Esthétique de l'environnement : Nature
Une rhétorique de l’ineffable. A la fin de Combray (Du côté de chez Swann. A la recherche du temps perdu), on se demande comment dire et décrire la beauté du monde. La réponse est la suivante : dépasser “le désaccord entre nos impressions et leur expression ». Proust, comme le remarque J. Starobinski [1999, p. 1571. aborde ici le thème de l’émotion qui doit acquérir aussi bien les moyens verbaux que les moyens visuels adaptés pour interpréter la beauté, en suivant le fil d’une rhétorique de l’ineffable. C’est une expérience de la limite qui présente un vaste ensemble de motifs, de correspondances, d’itinéraires spirituels. Le paysage est vraiment saisi dans le moment où l’on parvient toujours plus loin en soi-même, par-delà la représentation objective, jusqu’à découvrir l’ordre du visible dans une totale dissolution du moi.

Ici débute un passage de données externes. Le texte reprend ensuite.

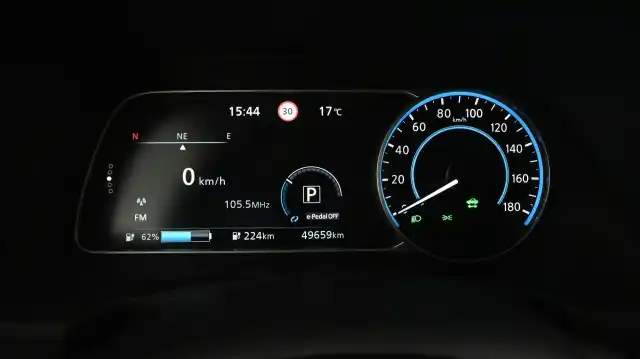 Musta Viistoperä, Nissan Leaf – JMS-114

C’est précisément sur ces passages de l’image de la nature à sa représentation que s’est arrêté Gérard Genette en affrontant la question de la relation esthétique [1994-1997]. Il a analysé le continuum existant, qui varie par sauts et diffractions, entre les formes de la nature et les formes de l’art, et a remarqué comment la notion d’objet purement naturel, ayant un statut hybride, fruit d’une collaboration entre l’homme et la nature, est le premier stade d’un processus auquel l’art ou l’homme peuvent toujours retourner. Il existe un besoin irrépressible de passer d’un plan à l’autre, de celui des impressions à celui des expressions et vice-versa.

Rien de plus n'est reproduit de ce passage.